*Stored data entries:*
Segment Open

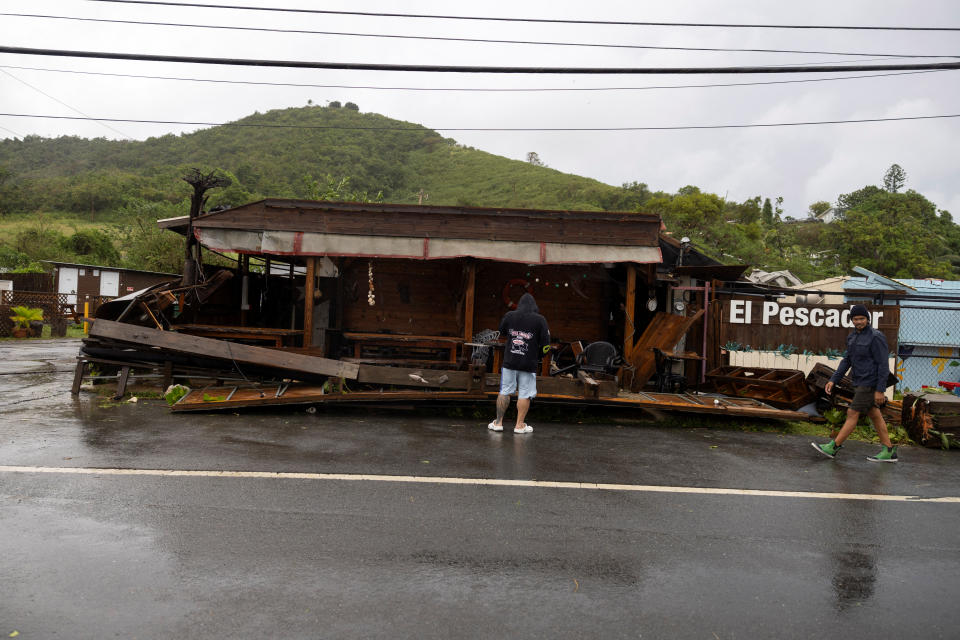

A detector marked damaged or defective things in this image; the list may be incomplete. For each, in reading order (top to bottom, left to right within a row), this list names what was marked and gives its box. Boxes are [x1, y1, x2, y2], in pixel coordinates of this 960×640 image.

damaged wooden restaurant [73, 198, 884, 422]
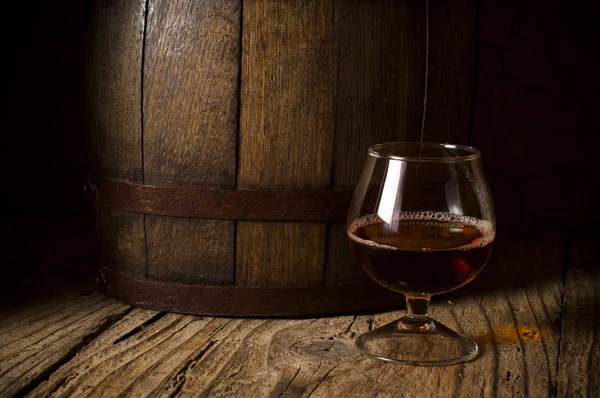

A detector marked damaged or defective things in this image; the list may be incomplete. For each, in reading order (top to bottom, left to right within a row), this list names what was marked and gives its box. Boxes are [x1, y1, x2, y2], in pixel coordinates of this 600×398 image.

rusty metal band [88, 176, 352, 221]
rusty metal band [101, 268, 406, 318]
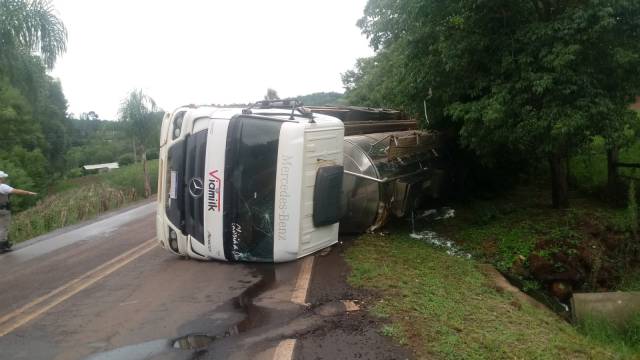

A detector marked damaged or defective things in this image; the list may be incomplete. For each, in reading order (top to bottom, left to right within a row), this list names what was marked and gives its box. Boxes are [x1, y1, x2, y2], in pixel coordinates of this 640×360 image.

damaged windshield [225, 116, 284, 260]
overturned white truck [156, 100, 444, 262]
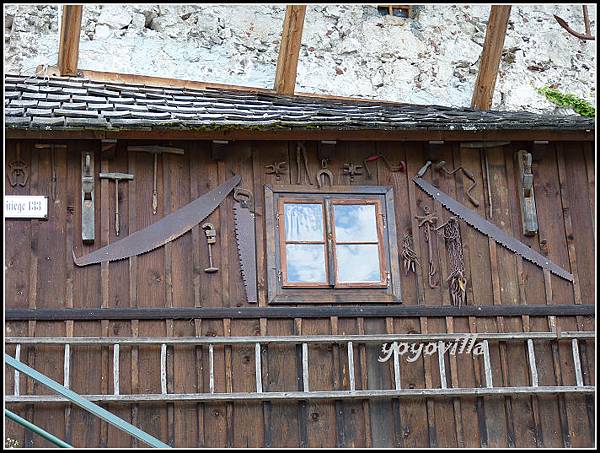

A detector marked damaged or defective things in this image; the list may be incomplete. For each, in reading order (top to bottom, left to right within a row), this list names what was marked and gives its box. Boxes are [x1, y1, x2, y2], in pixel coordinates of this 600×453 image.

rusty hand saw [75, 173, 241, 264]
rusty hand saw [233, 187, 256, 304]
rusty hand saw [412, 164, 572, 280]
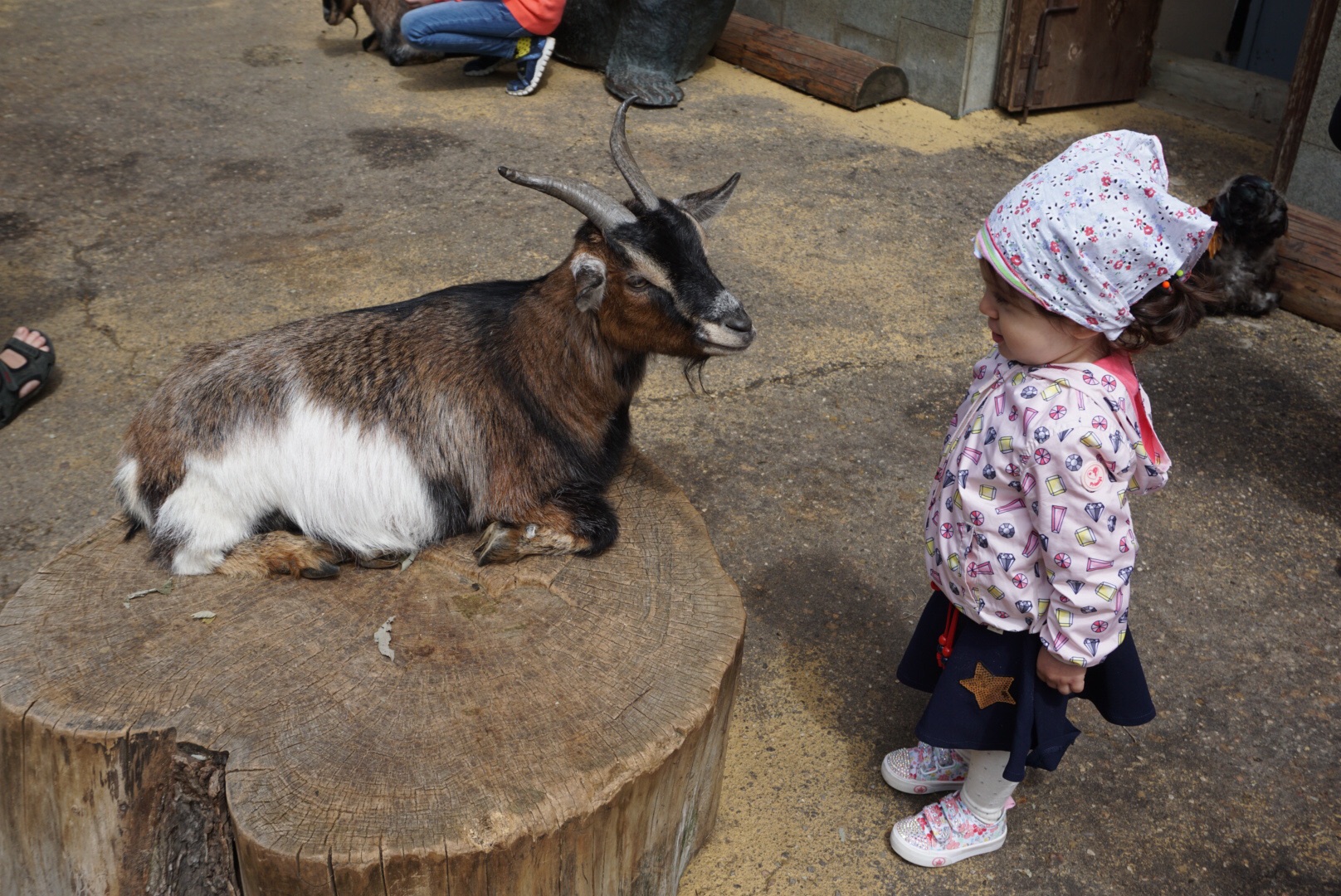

Segment Closed

*ASSIGNED TASK:* Give again, word for word, the lines above from the one with "this 600×453 image." through the final line of the data, both ends included. Do not copy any picture.

*SOLUTION TO THIS PROBLEM:*
A detector marked damaged or defective things in this image; the list may be incomplete. For each, in reading order (top to bottom, left to right within a row), this list names what was marked and gives its box. Boxes are [x1, y1, x2, y2], in pixel coordinates of this 600×453 image.

rusty hand saw [75, 173, 241, 264]
rusty hand saw [233, 187, 256, 304]
rusty hand saw [412, 164, 572, 280]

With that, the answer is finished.